WHAT TO PRODUCE: Your task is to transcribe the entries below exactly, from their first line down to the line containing "The AI Canvas", and to stop there.

DATA TO PROCESS:
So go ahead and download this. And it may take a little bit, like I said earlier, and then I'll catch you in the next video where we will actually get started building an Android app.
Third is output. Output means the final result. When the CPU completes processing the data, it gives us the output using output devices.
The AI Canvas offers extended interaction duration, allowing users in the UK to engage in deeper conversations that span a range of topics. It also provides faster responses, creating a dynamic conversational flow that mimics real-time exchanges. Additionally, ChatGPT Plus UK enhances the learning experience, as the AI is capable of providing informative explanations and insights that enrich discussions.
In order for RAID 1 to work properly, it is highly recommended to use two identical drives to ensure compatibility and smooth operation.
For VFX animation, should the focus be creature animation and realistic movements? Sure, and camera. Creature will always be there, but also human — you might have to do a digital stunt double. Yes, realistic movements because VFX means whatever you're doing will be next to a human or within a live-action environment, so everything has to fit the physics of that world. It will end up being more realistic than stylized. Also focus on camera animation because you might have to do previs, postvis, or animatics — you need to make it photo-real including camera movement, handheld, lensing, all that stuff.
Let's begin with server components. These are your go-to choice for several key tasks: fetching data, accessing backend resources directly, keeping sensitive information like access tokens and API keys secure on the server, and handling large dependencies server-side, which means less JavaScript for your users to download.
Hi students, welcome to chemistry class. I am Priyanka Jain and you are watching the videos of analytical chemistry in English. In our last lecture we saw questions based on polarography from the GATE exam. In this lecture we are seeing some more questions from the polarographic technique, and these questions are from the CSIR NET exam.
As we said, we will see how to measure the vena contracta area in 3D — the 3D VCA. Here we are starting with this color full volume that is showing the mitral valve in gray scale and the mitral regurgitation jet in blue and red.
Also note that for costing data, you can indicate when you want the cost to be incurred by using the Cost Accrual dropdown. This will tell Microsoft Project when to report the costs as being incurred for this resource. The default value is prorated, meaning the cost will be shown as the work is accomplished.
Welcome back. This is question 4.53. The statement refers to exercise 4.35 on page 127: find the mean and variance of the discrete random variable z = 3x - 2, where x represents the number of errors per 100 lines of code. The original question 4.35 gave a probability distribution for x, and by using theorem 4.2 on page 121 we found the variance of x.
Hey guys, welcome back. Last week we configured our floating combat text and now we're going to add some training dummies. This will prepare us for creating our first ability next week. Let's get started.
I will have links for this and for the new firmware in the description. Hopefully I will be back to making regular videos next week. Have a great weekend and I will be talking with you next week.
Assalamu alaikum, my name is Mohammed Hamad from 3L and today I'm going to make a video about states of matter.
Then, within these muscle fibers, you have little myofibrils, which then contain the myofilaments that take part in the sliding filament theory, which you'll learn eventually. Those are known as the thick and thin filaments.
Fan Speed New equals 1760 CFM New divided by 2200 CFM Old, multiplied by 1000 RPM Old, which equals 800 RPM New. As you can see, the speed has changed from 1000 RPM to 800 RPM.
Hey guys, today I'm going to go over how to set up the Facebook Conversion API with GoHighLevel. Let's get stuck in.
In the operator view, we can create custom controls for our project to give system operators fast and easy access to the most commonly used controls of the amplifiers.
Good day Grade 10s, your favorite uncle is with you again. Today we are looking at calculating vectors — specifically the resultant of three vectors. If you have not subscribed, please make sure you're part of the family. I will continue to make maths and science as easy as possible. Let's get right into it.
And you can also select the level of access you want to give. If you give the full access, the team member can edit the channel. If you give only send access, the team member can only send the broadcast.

RESULT OF THIS TASK:
So go ahead and download this. And it may take a little bit, like I said earlier, and then I'll catch you in the next video where we will actually get started building an Android app.
Third is output. Output means the final result. When the CPU completes processing the data, it gives us the output using output devices.
The AI Canvas offers extended interaction duration, allowing users in the UK to engage in deeper conversations that span a range of topics. It also provides faster responses, creating a dynamic conversational flow that mimics real-time exchanges. Additionally, ChatGPT Plus UK enhances the learning experience, as the AI is capable of providing informative explanations and insights that enrich discussions.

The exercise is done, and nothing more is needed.